Readers of this blog know that I have postulated that the model for high end sales has changed; accelerated away from the traditional models to a trust based model. This also applies to networking; no selling, only building a trusting relationship. A colleague questioned me recently as to why I thought this was the case. Is it really simply the economy that’s driving this change? My response that was “no, it’s more than just the economy, although the economy is certainly accelerating the change.” So what are the drivers?
I think there are many reasons why we’re moving away from the old “product/feature” or “needs/benefits” selling for all except the most commodity types of products. The internet is replacing salespeople and telemarketers in many of these cases. I believe we are and will be spending most of our time in “consultative/relationship” selling and migrating even more to “trust based” selling for our key customers and clients. A few of the reasons for this reframing of the sales process seems to be (a) less consumerism (for common commodities) thus a more sophisticated level of sales is left, (b) on-line purchasing is minimizing interaction with salespeople for commodity purchases and research, ( c) the economy is limiting what people and companies are spending so each purchase made is scrutinized and (d) social networking is training us to give value in our relationships – without expectation of quid-pro-quo.
This last reason is what I’m thinking most about these days. In face-to-face networking, whether you’re in transition or in search of business clients, you are likely finding that you MUST first provide value to those you meet rather than “ask for the order.” This concept, not an new one, hit the Wall Street Journal This Morning podcast recently, and it is sure good to have some validation in what I’ve been proposing to those I mentor and coach in the business community. The point is that from Social Networking sites where the protocol is to deliver value and NOT sell or self-promote, to the WSJ advocating the same generous approach to networking for your career we are being taught that unless someone authentically has our best interest at heart and not just their own, we should avoid “doing business” with them. How do we know if someone “has our best interest at heart?” Clearly, it is that they are focused on us and how they can help us rather than being focused on themselves and asking us to help them or buy from them. Think about this for a minute. If I am focused on telling you about wonderful me or focused on getting you to place the order with me, then how can I possibly have your best interest at heart?
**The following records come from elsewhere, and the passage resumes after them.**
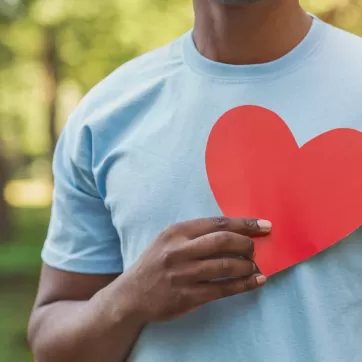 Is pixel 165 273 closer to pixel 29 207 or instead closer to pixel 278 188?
pixel 278 188

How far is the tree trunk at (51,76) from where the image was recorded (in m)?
5.34

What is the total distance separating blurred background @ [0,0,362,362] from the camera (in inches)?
174

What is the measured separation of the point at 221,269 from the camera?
82 centimetres

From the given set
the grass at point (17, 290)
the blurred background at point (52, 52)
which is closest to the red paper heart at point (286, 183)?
the blurred background at point (52, 52)

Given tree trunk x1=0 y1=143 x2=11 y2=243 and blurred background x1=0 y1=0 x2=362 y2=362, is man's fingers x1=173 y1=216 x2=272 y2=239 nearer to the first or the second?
blurred background x1=0 y1=0 x2=362 y2=362

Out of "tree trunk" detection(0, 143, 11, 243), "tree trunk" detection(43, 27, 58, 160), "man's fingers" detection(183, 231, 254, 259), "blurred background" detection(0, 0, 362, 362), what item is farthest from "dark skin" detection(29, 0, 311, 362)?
"tree trunk" detection(0, 143, 11, 243)

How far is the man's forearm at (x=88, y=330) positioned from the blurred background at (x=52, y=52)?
3.12 meters

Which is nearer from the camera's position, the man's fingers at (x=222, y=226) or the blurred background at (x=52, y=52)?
the man's fingers at (x=222, y=226)

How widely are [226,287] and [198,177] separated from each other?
0.17m

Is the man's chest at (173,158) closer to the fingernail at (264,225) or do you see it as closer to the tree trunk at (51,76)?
the fingernail at (264,225)

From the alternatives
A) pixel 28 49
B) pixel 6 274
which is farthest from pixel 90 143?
pixel 28 49

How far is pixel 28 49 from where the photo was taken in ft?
18.6

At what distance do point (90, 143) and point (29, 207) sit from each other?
284 inches

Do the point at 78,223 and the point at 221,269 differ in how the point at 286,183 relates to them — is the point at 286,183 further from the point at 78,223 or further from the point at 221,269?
the point at 78,223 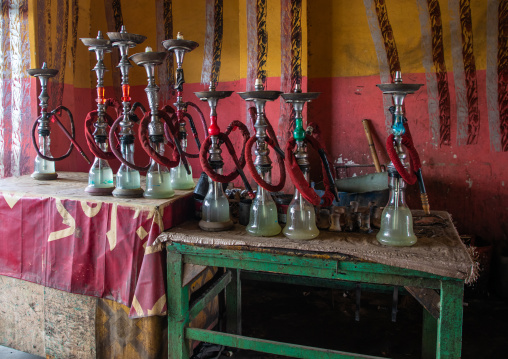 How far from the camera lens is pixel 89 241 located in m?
1.70

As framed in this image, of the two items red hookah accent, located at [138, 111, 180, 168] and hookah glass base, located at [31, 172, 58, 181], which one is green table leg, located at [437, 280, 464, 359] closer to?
red hookah accent, located at [138, 111, 180, 168]

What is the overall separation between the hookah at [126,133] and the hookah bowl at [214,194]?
32 cm

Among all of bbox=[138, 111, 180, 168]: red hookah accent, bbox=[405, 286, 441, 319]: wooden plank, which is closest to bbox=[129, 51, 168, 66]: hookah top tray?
bbox=[138, 111, 180, 168]: red hookah accent

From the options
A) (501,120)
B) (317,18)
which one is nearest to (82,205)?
(317,18)

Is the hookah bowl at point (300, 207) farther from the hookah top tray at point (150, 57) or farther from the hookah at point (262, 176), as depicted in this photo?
the hookah top tray at point (150, 57)

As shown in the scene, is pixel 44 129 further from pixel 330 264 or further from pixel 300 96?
pixel 330 264

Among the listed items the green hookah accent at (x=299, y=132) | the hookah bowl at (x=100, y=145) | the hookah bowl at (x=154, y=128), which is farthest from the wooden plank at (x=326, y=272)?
the hookah bowl at (x=100, y=145)

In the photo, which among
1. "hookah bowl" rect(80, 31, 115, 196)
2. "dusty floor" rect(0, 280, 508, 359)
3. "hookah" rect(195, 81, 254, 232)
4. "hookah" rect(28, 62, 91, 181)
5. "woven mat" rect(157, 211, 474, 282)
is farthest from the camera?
"dusty floor" rect(0, 280, 508, 359)

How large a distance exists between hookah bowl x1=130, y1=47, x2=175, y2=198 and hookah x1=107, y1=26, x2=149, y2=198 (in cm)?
6

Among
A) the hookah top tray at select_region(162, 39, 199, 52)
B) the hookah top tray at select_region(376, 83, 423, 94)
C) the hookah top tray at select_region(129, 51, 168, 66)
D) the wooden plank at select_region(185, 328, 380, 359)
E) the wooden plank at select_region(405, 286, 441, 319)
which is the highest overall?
the hookah top tray at select_region(162, 39, 199, 52)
This concept is put succinctly in the saying “People don’t care how much you know until they know how much you care.”
I am beginning to think that one of the more powerful catalysts for changing how we interact with each other (in person or remotely through the media) is being shaped by the etiquette we are taught in our Social Networking interactions. In their excellent book on Social Media Marketing, Friends with Benefits, Darren Barefoot and Julie Szabo make it clear that marketers and those blogging or posting on others’ blogs or interacting with bloggers have to add value before they have the right to request assistance with their marketing program. What comes through clear (at least in my mind) is that “selling” is taboo in almost all cases.
So what are you seeing as the major reason for the move to trust based selling? Do you agree there is a general and pronounced aversion to the “old” selling models? How do you feel when someone posts a “solicitation” in a comment on your blog? How do you feel when you are constantly “sold” on a blog? Does this translate to how you interact with colleagues and professionals in your business life?